The event that took place on ‘Good Friday’ amounts to injustice on a grand scale.
As we consider the historical record of Jesus’ death by crucifixion, the gospel of Mark, writes of a gross miscarriage of justice, a denial of the rule of law.
The religious rulers of the day hand Jesus over to secular Roman ‘justice’ without cause. The Roman ruler of the day hands Jesus over to be crucified without cause. Innocent Jesus takes the place of a murderer on the cross who is released, according to the custom of the day. Injustice reaches its fulfilment when the military guard of the day mocks and crucifies Jesus, while he is derided by those who witness his suffering and death.

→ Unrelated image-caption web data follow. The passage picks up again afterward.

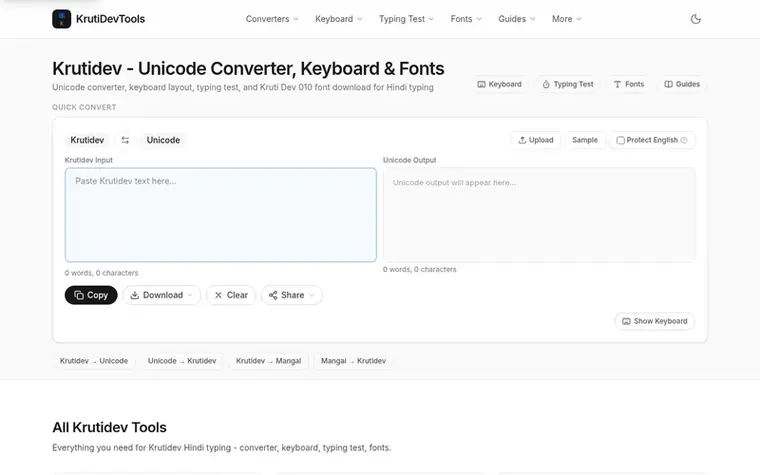 Screenshot of the KrutiDevTools homepage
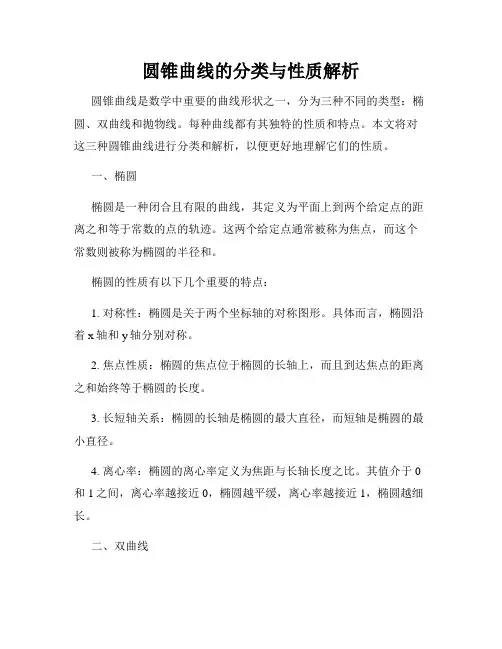 圆锥曲线的分类与性质解析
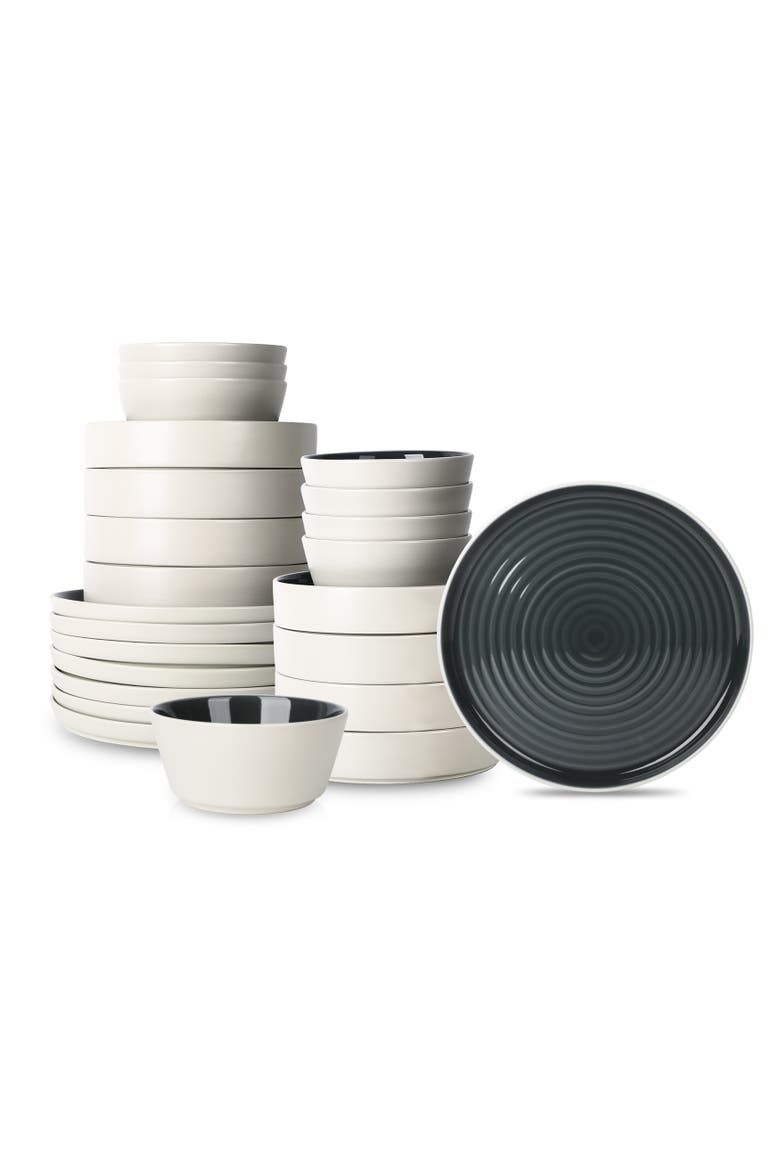 Elica Stoneware 24-Piece Dinnerware Set, Main, color, Black and Beige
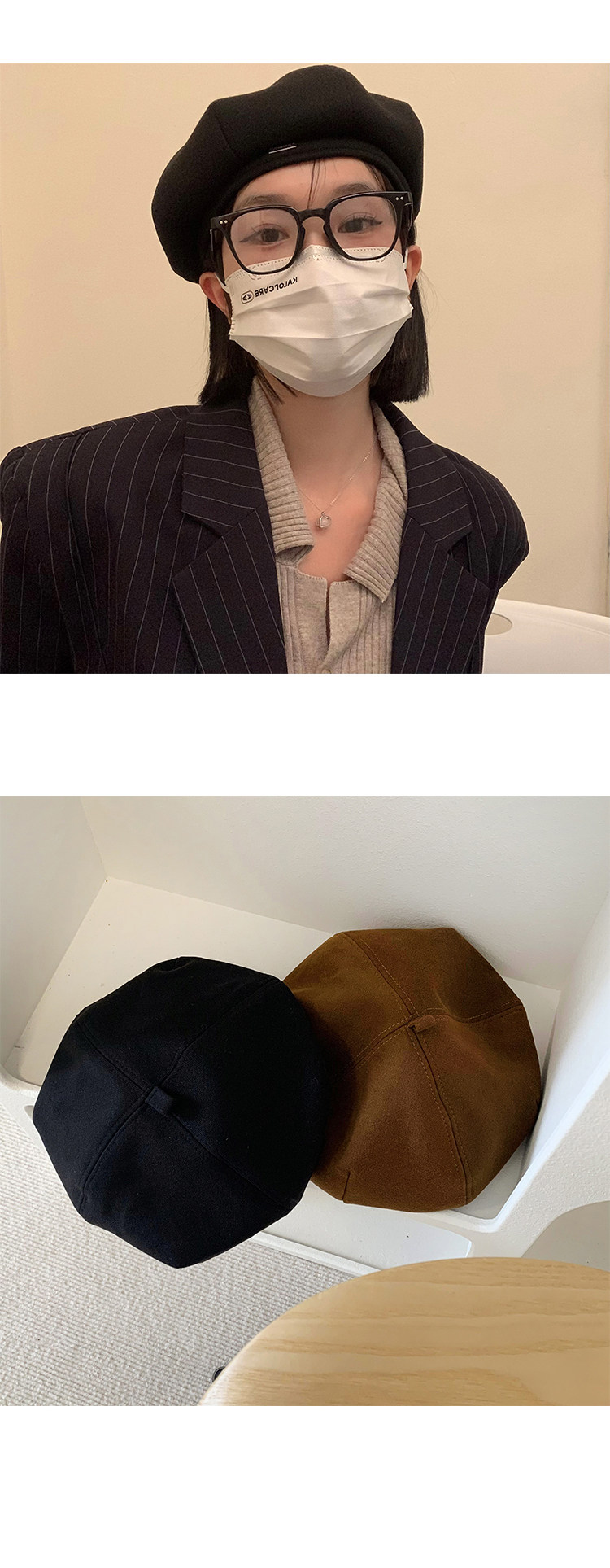 A black beret for women in autumn and winter, a Japanese-style large-headed flower-shaped hat, an Instagram influencer's face-showing small octagonal painter hat pic 6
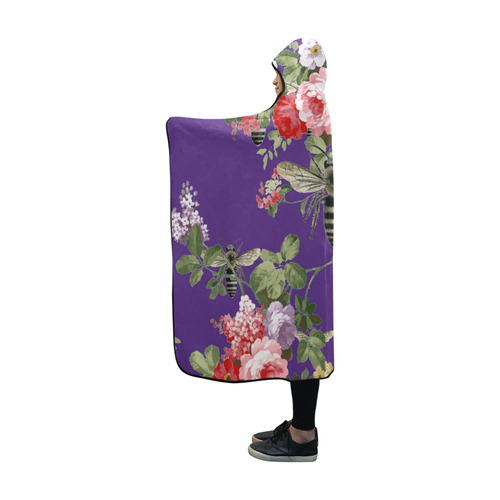 Purple Bees and Flowers Hooded Blanket 60''x50''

Yet in the plan of God, his demand for justice is achieved in Jesus’ death. God’s Son gives his life as a ransom for many (Mark 10:45). He takes the sin of the world, our injustice against God and one another, and absorbs our deserved judgment in his undeserved death.
According to the Bible, we have all sinned and fallen short of God’s glory (Romans 3:23). We have all compromised his justified and just rule over our world and our lives.
Through his death Jesus becomes the victim in our place. In his resurrection he becomes the victor, so that we might be forgiven, justified and restored before God (Romans 6:23).
Imagine a world without justice. God can’t! He acted against all injustice. And his call for justice fell not on who deserved it, but on who didn’t, Jesus.